NOTES | ccPDP4 IDN Confusing Similarity Subgroup (#5) | 24 May 2022 at 13:00 UTC.

1 Welcome and roll call

Welcome by Kenny

Apology by Anil

2 Administrative Items

a. IDN EPDP Update

Bart: last week they dealt with the base for comparison. What is the scope of a CS review? They have additional issues: other kinds of similarity. They work through the issues with smaller WGs.

Could someone please confirm or correct what I said?

Pitinan: correct. String similarity in smaller group to discuss the examples. Scope being discussed in 3 levels: applied for string, applied for and allocatable set, blocked variants and allocatable variants. The main group talks about the next charter question, which is the objection process.

Bart: objection process is not in ccPDP4

b. Sessions at ICANN74

Tuesday, 14 June 2022

• ccNSO: Policy Update | 11:15-12:30 UTC

• ccPDP4 IDN Meeting | 14:30-15:30 UTC

The ccNSO is planning a policy session for ICANN74 to showcase its work. Two ccNSO PDP (ccPDP) working groups will provide updates on their progress and seek input. Both working groups will also hold their respective sessions during ICANN74.

Third ccPDP on the Retirement of ccTLDs (ccPDP3) | The ccPDP3 working group has identified which decisions related to the retirement of a country code top-level domain (ccTLD) that should be subject to consideration by the group and explored requirements for the review mechanism. The working group is considering various requirements for approval, including the bindingness of the review mechanism. The working group charter, work plan, and other relevant documents are available on its website and workspace.

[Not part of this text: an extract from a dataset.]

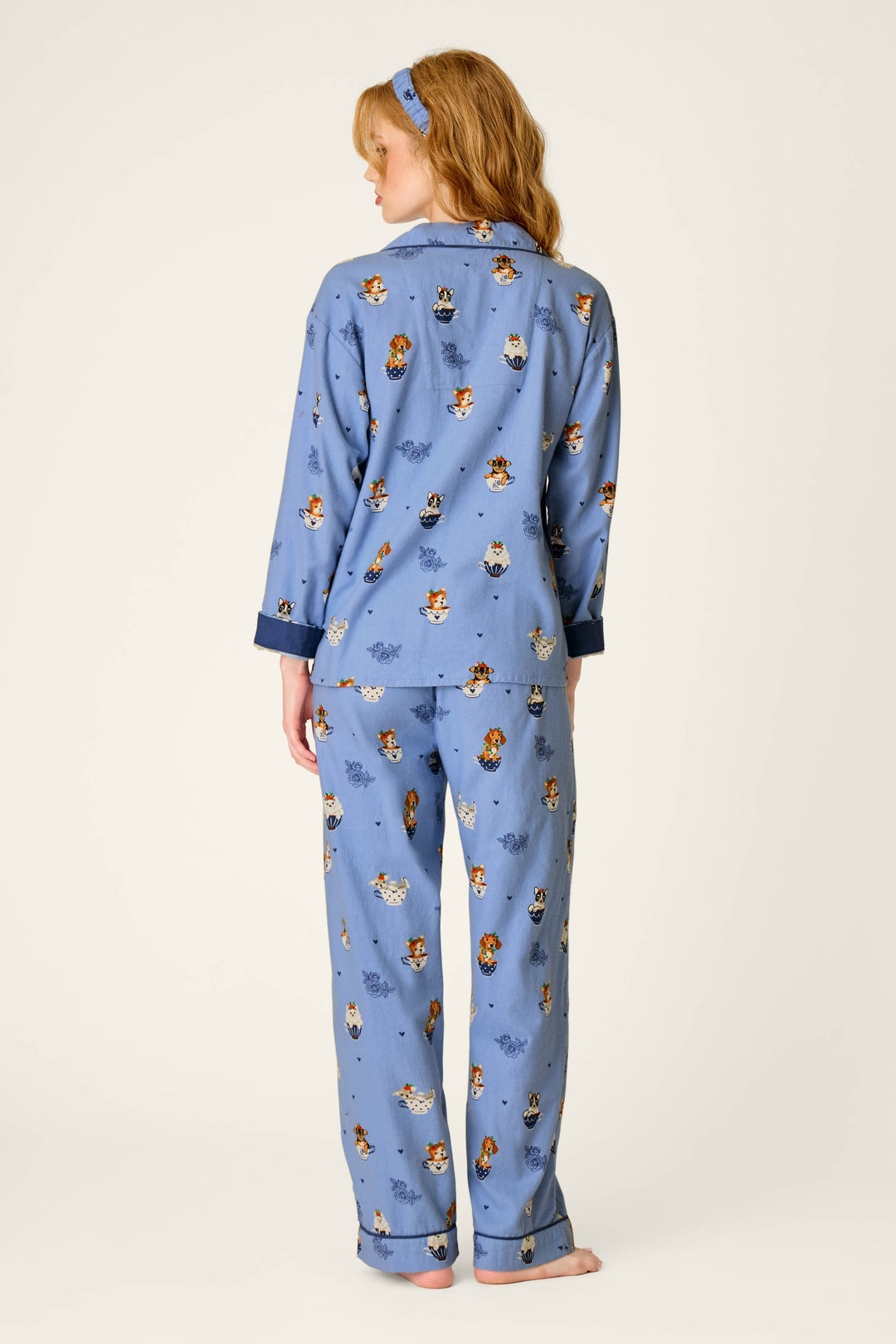 A person with long hair is seen from behind wearing the P.J. Salvage Teacup Pups 3-Piece Flannel PJ Set—blue pajamas featuring a cartoon dog print—with bare feet and a matching blue headband, against a simple light background.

Fourth ccPDP Working Group on the (de)selection of Internationalized Domain Name (IDN) ccTLD strings (ccPDP4) | The ccPDP4 working group completed its review and discussion of the 2013 policy proposals for the IDN ccTLD string selection process. The ccPDP4 consists of three subgroups: the variant management subgroup, the confusing similarity review subgroup, and the de-selection subgroup.
By ICANN74, all subgroups will have completed their initial proposals, or will be in the final phases of doing so. During ICANN74, the working group will hold a session to start the stress-testing of its draft policy recommendations. The working group charter, work plan, and other relevant documents are available on its website and workspace.

Bart: check full policy, once completed against scenarios. Do the results make sense, against the original intentions?

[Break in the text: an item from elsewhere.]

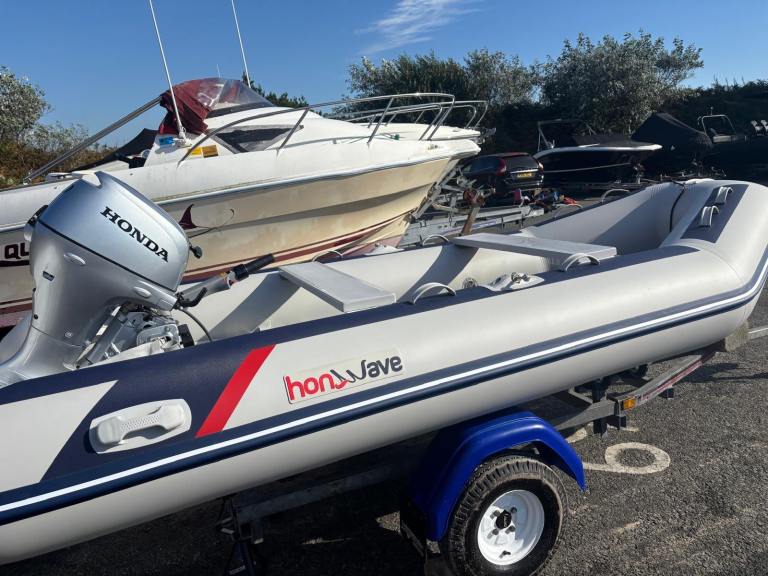 Honwave T38 , with Honda 20 hp engine and trailer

>>>> Definition of Stress Testing

Stress Testing is defined as:

Test the process as developed by applying the process to “corner case” situations and understand whether such a case results in an unwanted outcome or side effects.
If the outcome of that situation results in an unwanted outcome or side effects adjust Policy/Process as needed.

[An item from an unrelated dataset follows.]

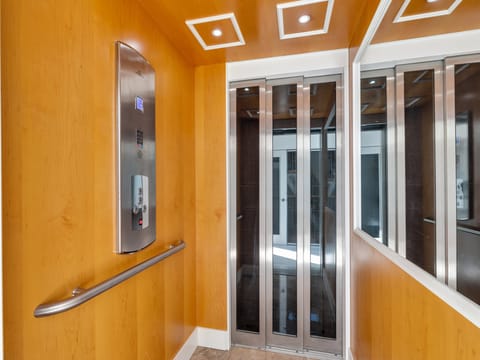 The elevator reaches all three floors of the house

After completion of the draft process the Stress Testing was conducted through answering the following questions:

What is the outcome of this situation when the process is invoked?
Is the outcome of that situation/the result unwanted or are side effects unwanted/unacceptable?
Does the Policy/Process need to be adjusted/refined?

Bart: Shall I prepare draft slides for the 31 meeting?

Kenny: Yes, please. Lets also circulate with the WG members before we present it at ICANN74

Hadia: do you want to know more about string similarity review small teams? Meeting last wednesday. Pragmatic group. Avoid edge cases. Question if there is a chance to appeal decisions on string similarity. Out of scope. Limited appeals process. Edmun presented an edge SBC case. Strings that look alike, but are not variants. Group meets again on Wednesday. No examples that address the presented cases. 3 levels

Bart: The idea is that the groups stay informed about each other's process, and there is alignment between the 2. Some aspects do not apply to ccTLDs.

3. Basics Confusing Similarity Review – document v3

Discussion section 3. Base for comparison

Sarmad: question about conditions at top of the page.

3rd bullet. Are we also comparing them with gTLDs?

Bart: both ccTLDs and gTLDs? Hence TLDs. at this stage.

Bart: all delegated TLDs are different delegations. Therefore, all need to be included in the base for comparison. The discussion on allocatable or blocked is secondary for delegated TLDs.

Questions or comments ? we are at page 2 now.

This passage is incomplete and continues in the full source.